For hikers, there are full-day adventures, morning walks and gentle rambles. Bird watchers can tick off classic fynbos species like the Cape sugarbird (Promerops cafer) and Orange-breasted sunbird (Anthobaphes violacea) as well as marine birds from gulls to gannets. The reserve is a great destination for sit-on-the-beach whale watching between August and October but there are always other animals around – baboons, antelope, lizards and tortoises are the most obvious – and wait until you see what low tide brings. The Cape Peninsula is home to 5% of the world’s marine coastal species and Cape Point’s rock pools are crammed with colourful anemones and sea urchins plus starfish, predatory whelks and heavily-armoured limpets.

A Cape Cowslip (Lachenalia aloides) – a type of Hyacinth – provides a colourful counter punch to the whites & greys of the reserve’s sandstone mountains.
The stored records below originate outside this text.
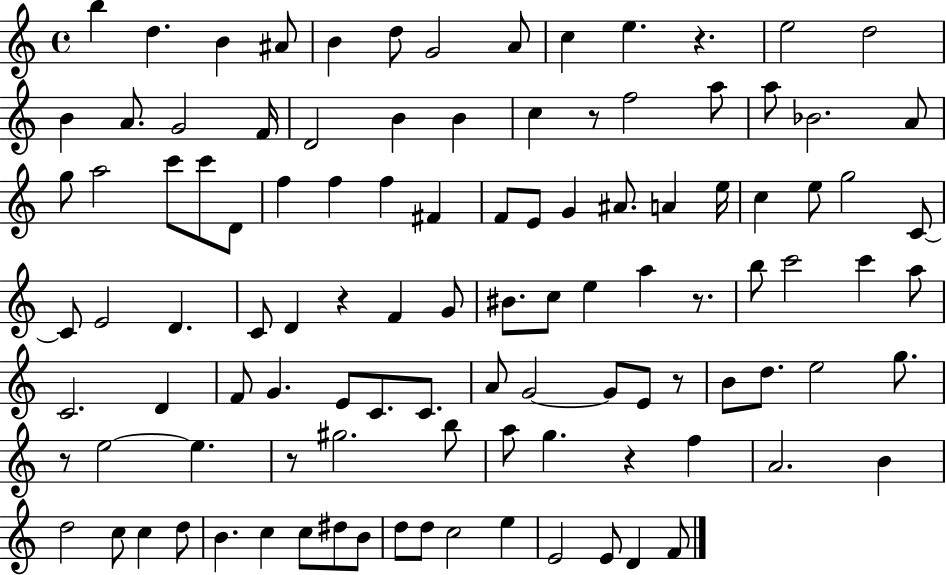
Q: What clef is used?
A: treble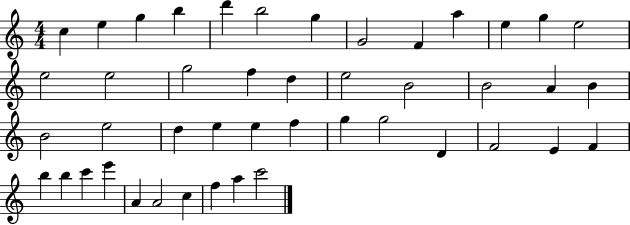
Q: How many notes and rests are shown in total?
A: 45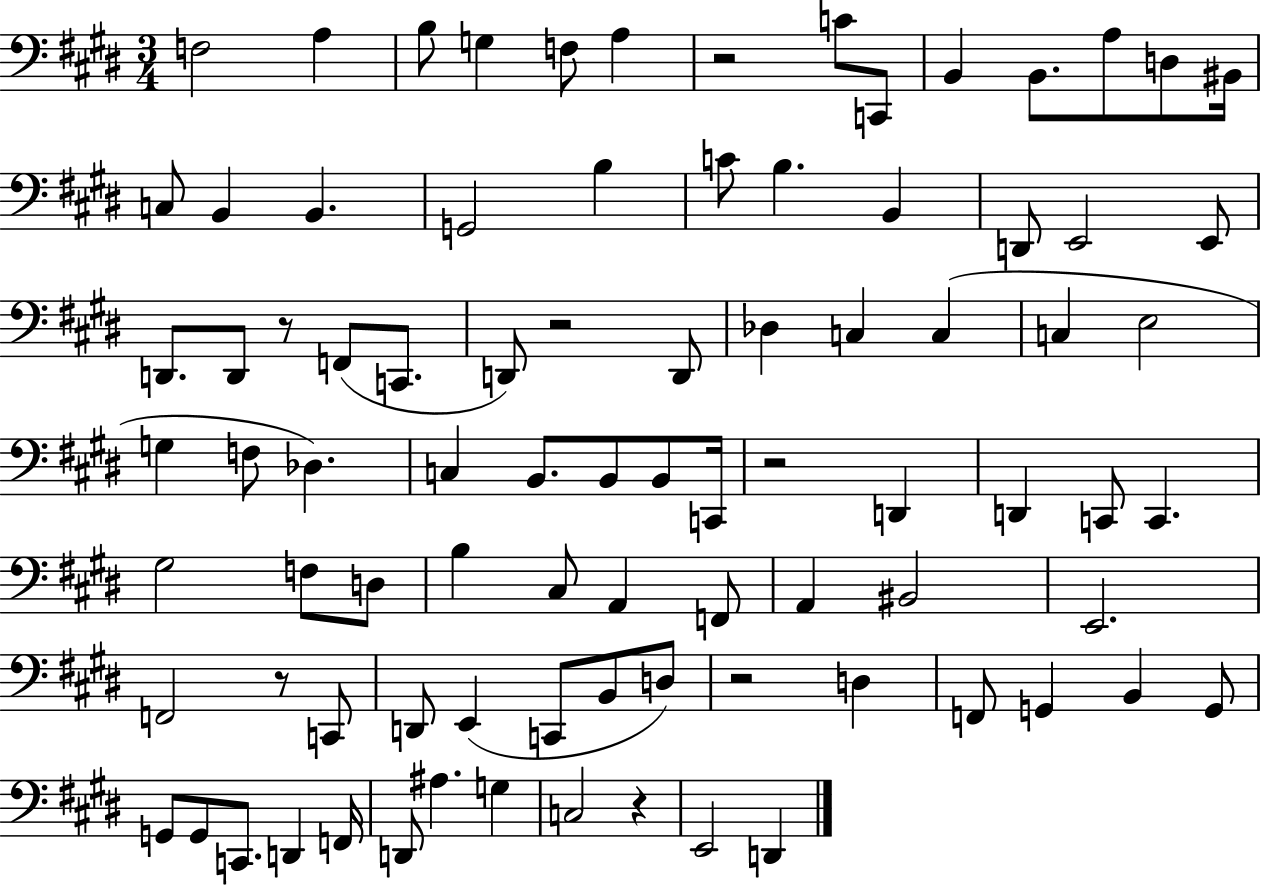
F3/h A3/q B3/e G3/q F3/e A3/q R/h C4/e C2/e B2/q B2/e. A3/e D3/e BIS2/s C3/e B2/q B2/q. G2/h B3/q C4/e B3/q. B2/q D2/e E2/h E2/e D2/e. D2/e R/e F2/e C2/e. D2/e R/h D2/e Db3/q C3/q C3/q C3/q E3/h G3/q F3/e Db3/q. C3/q B2/e. B2/e B2/e C2/s R/h D2/q D2/q C2/e C2/q. G#3/h F3/e D3/e B3/q C#3/e A2/q F2/e A2/q BIS2/h E2/h. F2/h R/e C2/e D2/e E2/q C2/e B2/e D3/e R/h D3/q F2/e G2/q B2/q G2/e G2/e G2/e C2/e. D2/q F2/s D2/e A#3/q. G3/q C3/h R/q E2/h D2/q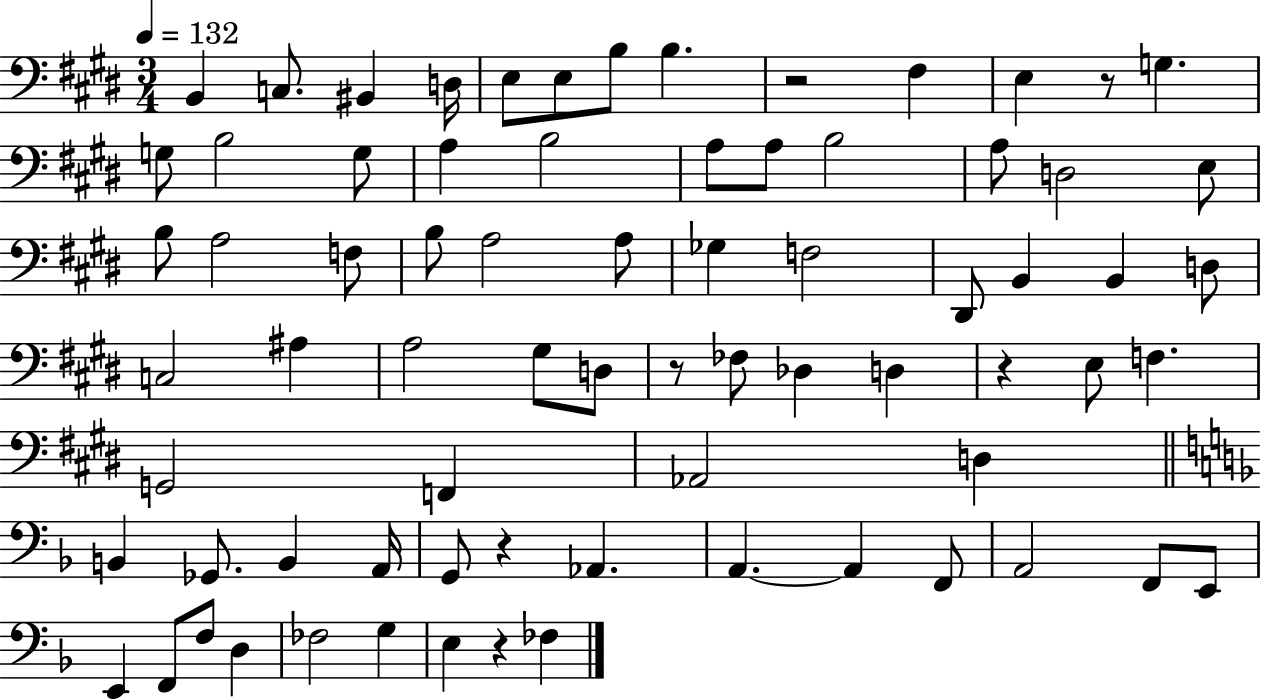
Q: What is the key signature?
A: E major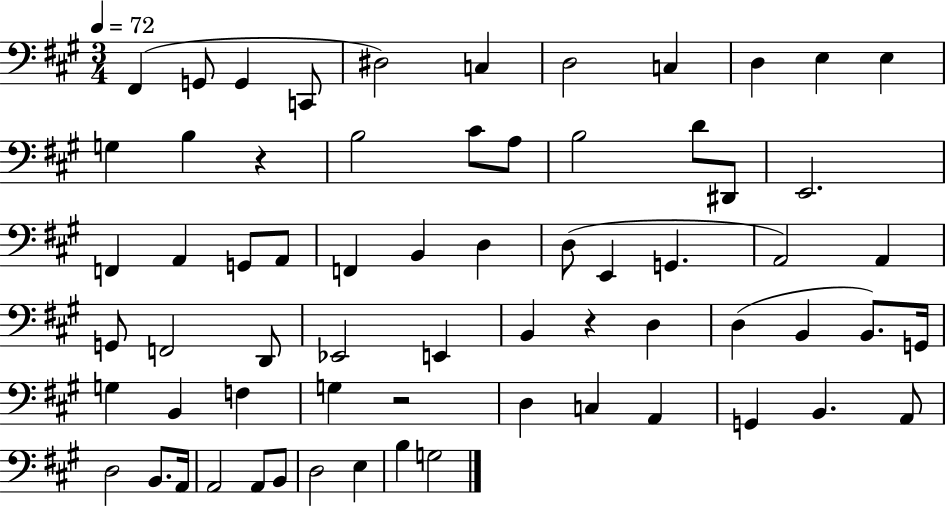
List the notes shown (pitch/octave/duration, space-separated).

F#2/q G2/e G2/q C2/e D#3/h C3/q D3/h C3/q D3/q E3/q E3/q G3/q B3/q R/q B3/h C#4/e A3/e B3/h D4/e D#2/e E2/h. F2/q A2/q G2/e A2/e F2/q B2/q D3/q D3/e E2/q G2/q. A2/h A2/q G2/e F2/h D2/e Eb2/h E2/q B2/q R/q D3/q D3/q B2/q B2/e. G2/s G3/q B2/q F3/q G3/q R/h D3/q C3/q A2/q G2/q B2/q. A2/e D3/h B2/e. A2/s A2/h A2/e B2/e D3/h E3/q B3/q G3/h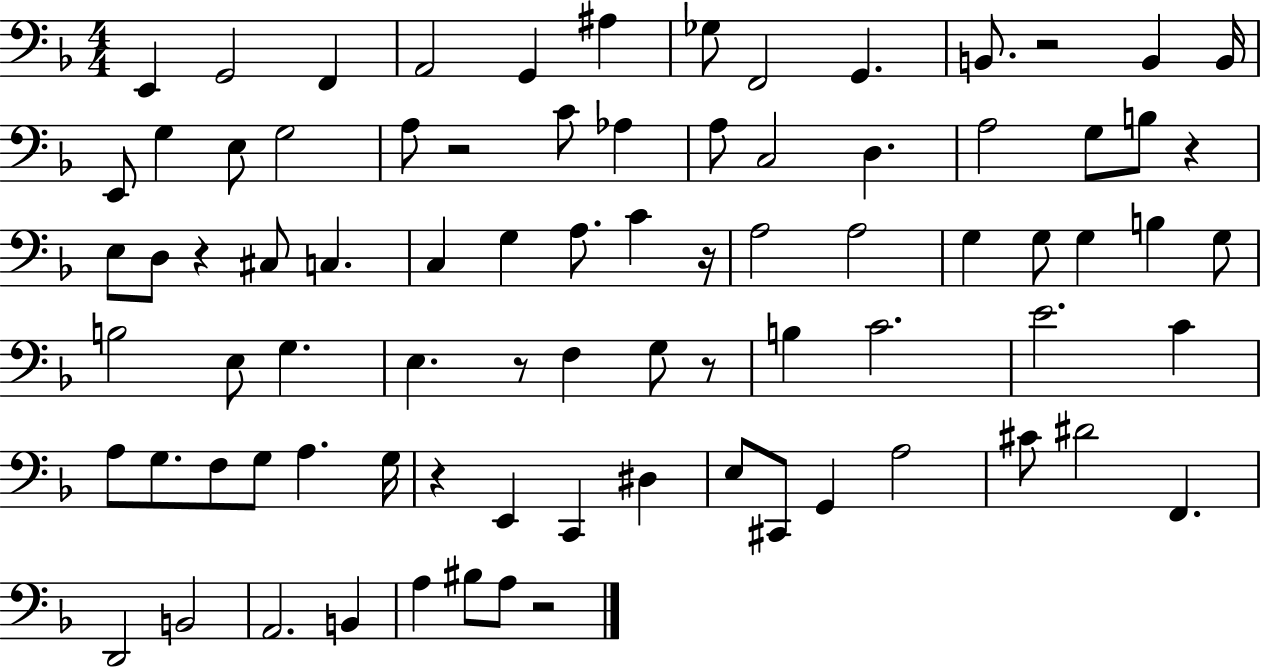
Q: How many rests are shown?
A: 9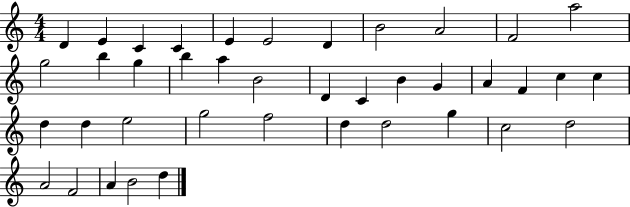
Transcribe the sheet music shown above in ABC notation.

X:1
T:Untitled
M:4/4
L:1/4
K:C
D E C C E E2 D B2 A2 F2 a2 g2 b g b a B2 D C B G A F c c d d e2 g2 f2 d d2 g c2 d2 A2 F2 A B2 d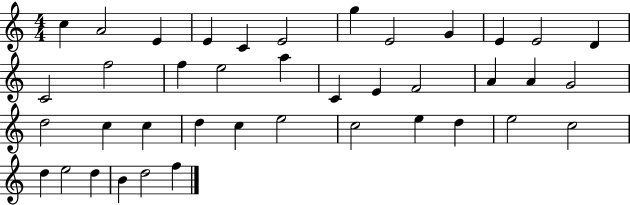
C5/q A4/h E4/q E4/q C4/q E4/h G5/q E4/h G4/q E4/q E4/h D4/q C4/h F5/h F5/q E5/h A5/q C4/q E4/q F4/h A4/q A4/q G4/h D5/h C5/q C5/q D5/q C5/q E5/h C5/h E5/q D5/q E5/h C5/h D5/q E5/h D5/q B4/q D5/h F5/q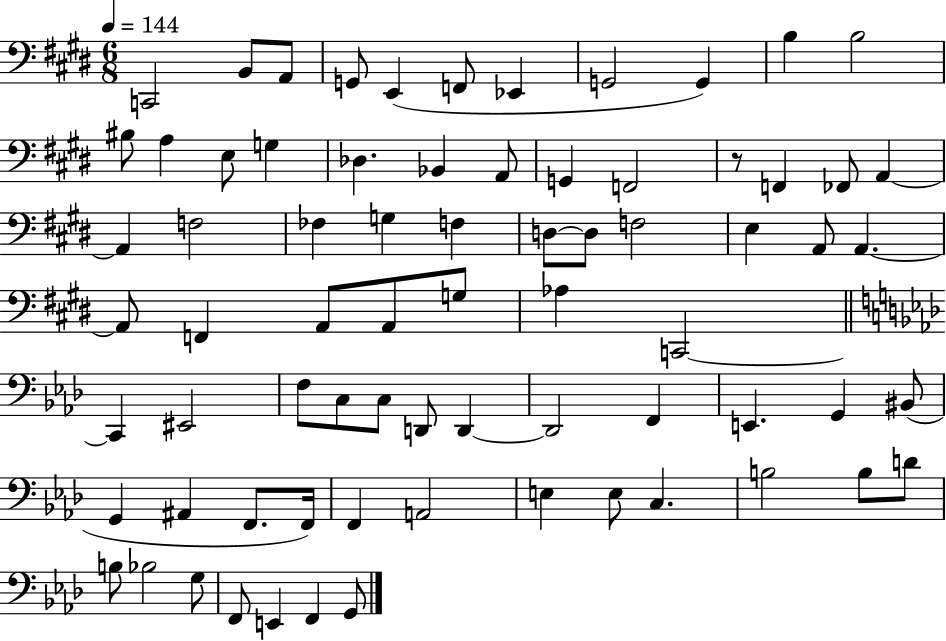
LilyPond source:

{
  \clef bass
  \numericTimeSignature
  \time 6/8
  \key e \major
  \tempo 4 = 144
  c,2 b,8 a,8 | g,8 e,4( f,8 ees,4 | g,2 g,4) | b4 b2 | \break bis8 a4 e8 g4 | des4. bes,4 a,8 | g,4 f,2 | r8 f,4 fes,8 a,4~~ | \break a,4 f2 | fes4 g4 f4 | d8~~ d8 f2 | e4 a,8 a,4.~~ | \break a,8 f,4 a,8 a,8 g8 | aes4 c,2~~ | \bar "||" \break \key aes \major c,4 eis,2 | f8 c8 c8 d,8 d,4~~ | d,2 f,4 | e,4. g,4 bis,8( | \break g,4 ais,4 f,8. f,16) | f,4 a,2 | e4 e8 c4. | b2 b8 d'8 | \break b8 bes2 g8 | f,8 e,4 f,4 g,8 | \bar "|."
}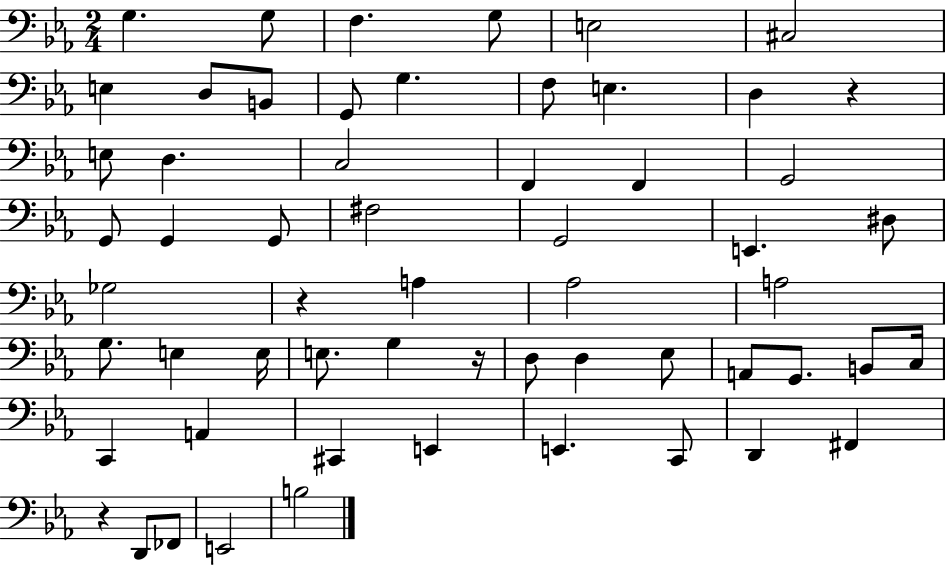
X:1
T:Untitled
M:2/4
L:1/4
K:Eb
G, G,/2 F, G,/2 E,2 ^C,2 E, D,/2 B,,/2 G,,/2 G, F,/2 E, D, z E,/2 D, C,2 F,, F,, G,,2 G,,/2 G,, G,,/2 ^F,2 G,,2 E,, ^D,/2 _G,2 z A, _A,2 A,2 G,/2 E, E,/4 E,/2 G, z/4 D,/2 D, _E,/2 A,,/2 G,,/2 B,,/2 C,/4 C,, A,, ^C,, E,, E,, C,,/2 D,, ^F,, z D,,/2 _F,,/2 E,,2 B,2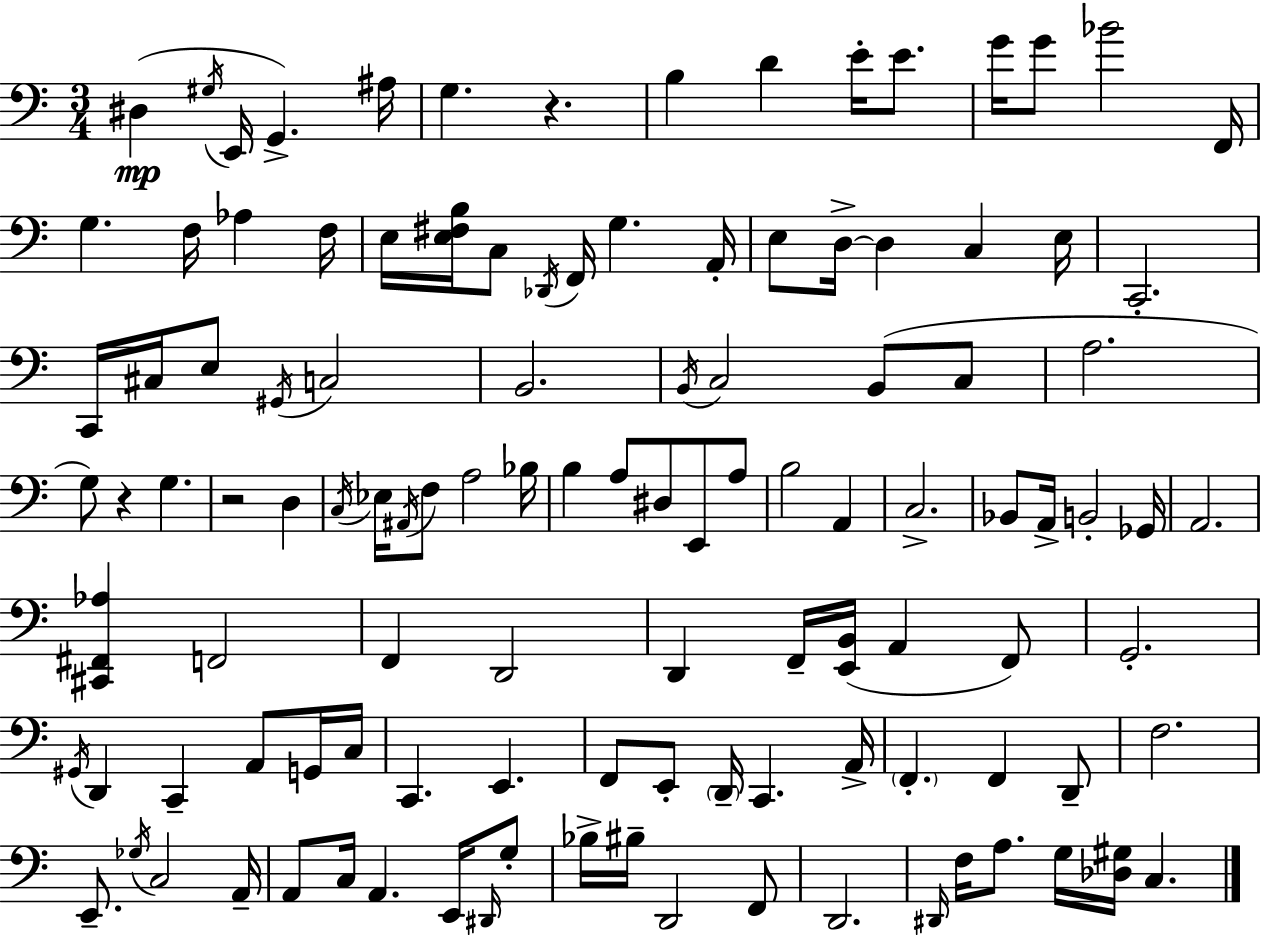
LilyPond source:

{
  \clef bass
  \numericTimeSignature
  \time 3/4
  \key c \major
  dis4(\mp \acciaccatura { gis16 } e,16 g,4.->) | ais16 g4. r4. | b4 d'4 e'16-. e'8. | g'16 g'8 bes'2 | \break f,16 g4. f16 aes4 | f16 e16 <e fis b>16 c8 \acciaccatura { des,16 } f,16 g4. | a,16-. e8 d16->~~ d4 c4 | e16 c,2.-. | \break c,16 cis16 e8 \acciaccatura { gis,16 } c2 | b,2. | \acciaccatura { b,16 } c2 | b,8( c8 a2. | \break g8) r4 g4. | r2 | d4 \acciaccatura { c16 } ees16 \acciaccatura { ais,16 } f8 a2 | bes16 b4 a8 | \break dis8 e,8 a8 b2 | a,4 c2.-> | bes,8 a,16-> b,2-. | ges,16 a,2. | \break <cis, fis, aes>4 f,2 | f,4 d,2 | d,4 f,16-- <e, b,>16( | a,4 f,8) g,2.-. | \break \acciaccatura { gis,16 } d,4 c,4-- | a,8 g,16 c16 c,4. | e,4. f,8 e,8-. \parenthesize d,16-- | c,4. a,16-> \parenthesize f,4.-. | \break f,4 d,8-- f2. | e,8.-- \acciaccatura { ges16 } c2 | a,16-- a,8 c16 a,4. | e,16 \grace { dis,16 } g8-. bes16-> bis16-- d,2 | \break f,8 d,2. | \grace { dis,16 } f16 a8. | g16 <des gis>16 c4. \bar "|."
}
Botanists won’t be able to contain themselves either: besides the well-known crowd-pleasers – King Proteas (Protea cynaroides) and huge Yellow Pincushion Proteas (Leucospermum conocarpodendron) the reserve is home to several endemic species which include Diamond Eyes (Staavia dodii) and Serruria glomerata – one of the Spiderhead Proteas. There are several different biomes to explore – mountain fynbos, coastal fynbos and the coastal strandveld – all in different stages of post-fire recovery and all easy to access. And if you do coincide your visit after there has been a recent fynbos fire, then prepare yourself for an almost immodest display of flowers: great blankets of orchids, irises, hyacinths and amaryllis species – to name a few of the more familiar ones – erupt out of the charred sand to bedazzle the lucky onlooker.

Wachendorfia paniculata – the Butterfly Lily – in a local marsh: you’ll find these plants dug up & their roots eaten by porcupines – but you won’t see the ever-elusive porcupine!

It’s best to spend the better part of the day there – especially if you plan to visit the penguins at Simons Town too. Get there as early as you can – especially in summer, to beat both the heat and the crowds. There are plenty of scheduled Cape Point tours available but nearly all will whisk you straight to the places where everyone else is. A hire car gives you independence but perhaps not the local knowledge to find the best spots in the reserve. The answer is to use a private guide such as your writer to guarantee the most rewarding day whether it’s sight-seeing or bird watching you are most interested in; it also helps to have a degree of flexibility with your time – try and keep a reserve day. This is, after all, the Cape of Storms.
Contact me if you’d like more information about a Cape Point tour.

Who would think that black & white stripes provides such effective camouflage? It’s amazing how the reserve’s Cape mountain zebra (Equus zebra zebra) blends into the landscape.

 

One of the reserve’s many succulent plants, Euphorbia caput-medusae is known as Medusa’s Head & it poisons domestic livestock if eaten though the reserve’s antelope browse it without ill effect.

 

There’s easy walking in the Cape Point Reserve with usually no-one else on the trails – well, no humans anyway.

 

A Red Hartebeest skull (Alcelaphus buselaphus) reminds us that natural cycles are in place in the reserve. Once, this antelope would have been preyed on by lions; this one probably died of old age.

 

Tidal rock pools are always rewarding in the Cape Point Reserve – the best ones are on the Indian Ocean coast where marine diversity is higher than on the Atlantic coast.